Относительная легкость, с которой акторы реализуют свои цели через неформальные институты, указывает на то, что слабость и неэффективность институтов формальных объясняется не только величиной трансакционных издержек, сопряженных с поиском и освоением информации о новых предписаниях, обеспечением контроля над их исполнением или же с изменением устаревших. После краткого, но содержательного анализа становления неформальных институтов электорального процесса и их соотношения с формальными В. Гельман констатирует: «Хотя отдельные ‘дыры’ в законах со временем устранялись, принципиальные лакуны и умолчания стали питательной средой для возникновения и роста неформальных институтов.

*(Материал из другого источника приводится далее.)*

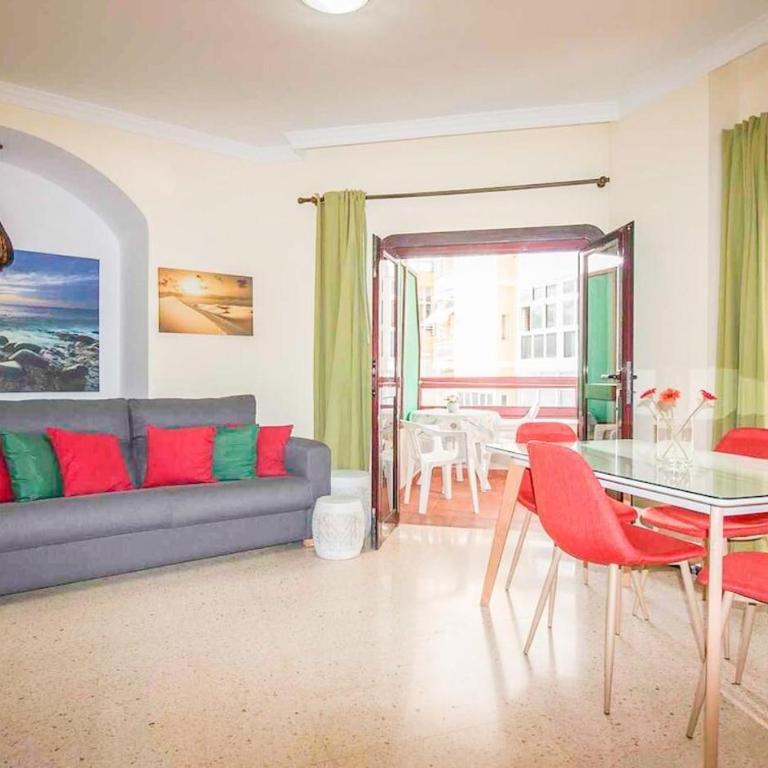 GuestReady - Dimar A pasos de la Playa de Las Canteras - Apartamento con balcón - 12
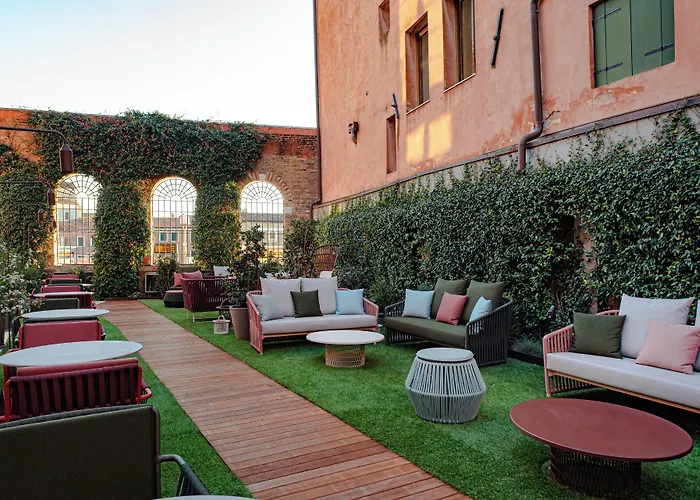 Hyatt Centric Murano Venice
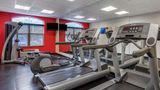 COMFORT INN & SUITES VIRGINIA BEACH - NO Health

Оказавшись полезными для тех или иных акторов, такие институты могли укореняться или даже закрепляться в формальных нормах»[72]. Подчеркивая, что подобные лакуны и умолчания помогали «обходить несовершенство прежних, да и новых норм»[73], исследователь, к сожалению, ничего не говорит об их влиянии на эффективность формальных институтов. Возможно, его невнимание к этой проблеме проистекает из презумпции, что «наследие прошлого» и характеристики государства, «задавая рамки преемственности и изменчивости формальных и неформальных институтов, отнюдь не детерминируют их соотношение»[74]. Данная презумпция, будучи отнюдь не очевидной, плохо соотносится с выводом самого Гельмана о том, что «’неформальная институционализация’, скорее всего, окажется не временным ‘дефектом’ (в смысле отклонения от ‘правильного’ пути развития), а долгосрочной и принципиальной характеристикой российского политического режима»][75].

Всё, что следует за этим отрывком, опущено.